Problem statement →
From the records below, output exactly the lines running from the line containing "Car displaying the" through the line containing "Blueberry pancakes dusted", and no others.

*** Opening Data to process ***

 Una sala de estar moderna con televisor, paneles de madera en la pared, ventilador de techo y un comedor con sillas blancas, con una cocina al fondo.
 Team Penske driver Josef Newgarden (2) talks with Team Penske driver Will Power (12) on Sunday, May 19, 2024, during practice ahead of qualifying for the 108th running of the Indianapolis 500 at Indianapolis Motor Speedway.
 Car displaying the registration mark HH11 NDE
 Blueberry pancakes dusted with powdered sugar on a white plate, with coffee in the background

*** Closing Data to process ***
*** Opening Data to process ***

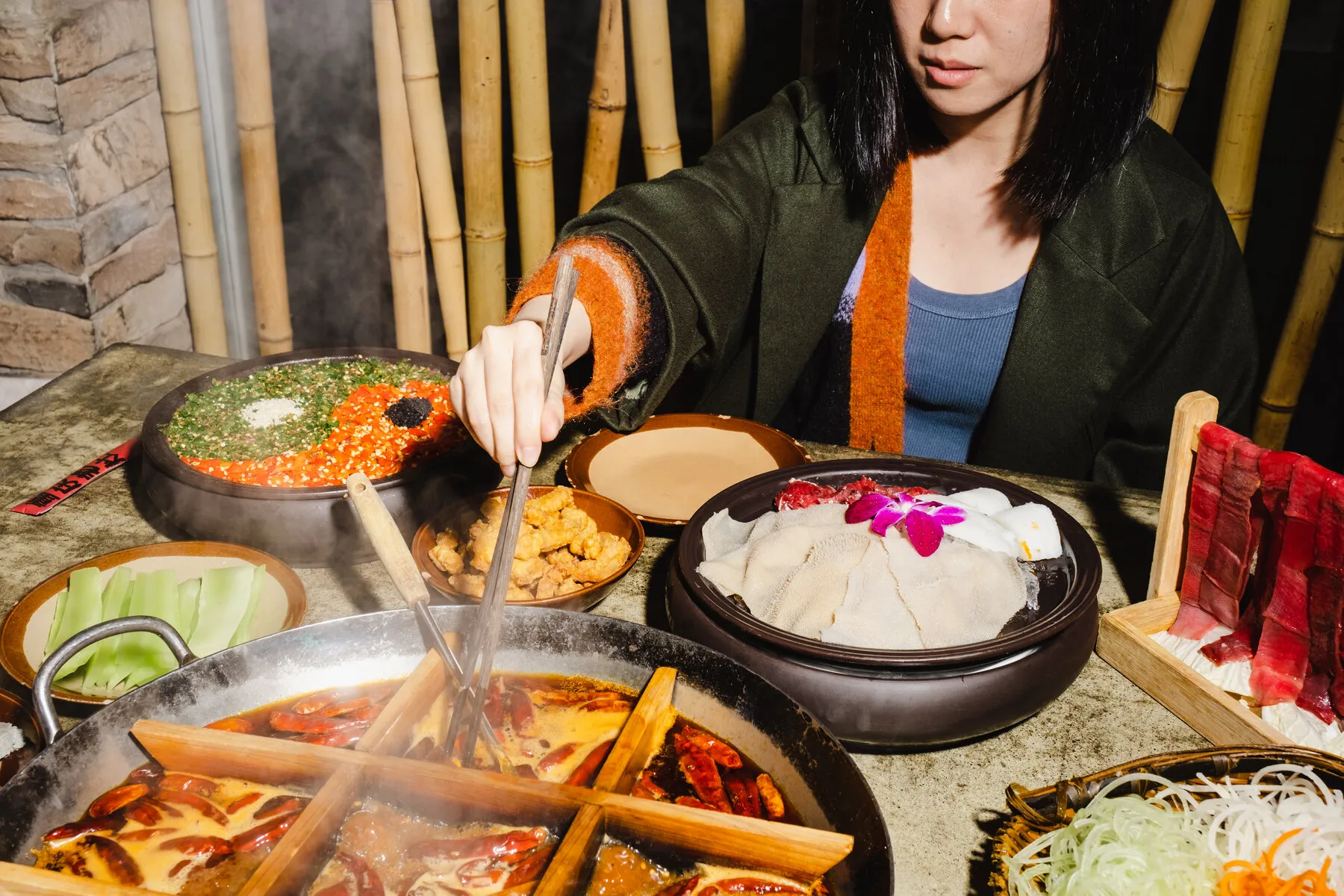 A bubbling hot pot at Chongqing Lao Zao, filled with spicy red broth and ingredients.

*** Closing Data to process ***

Result →
 Car displaying the registration mark HH11 NDE
 Blueberry pancakes dusted with powdered sugar on a white plate, with coffee in the background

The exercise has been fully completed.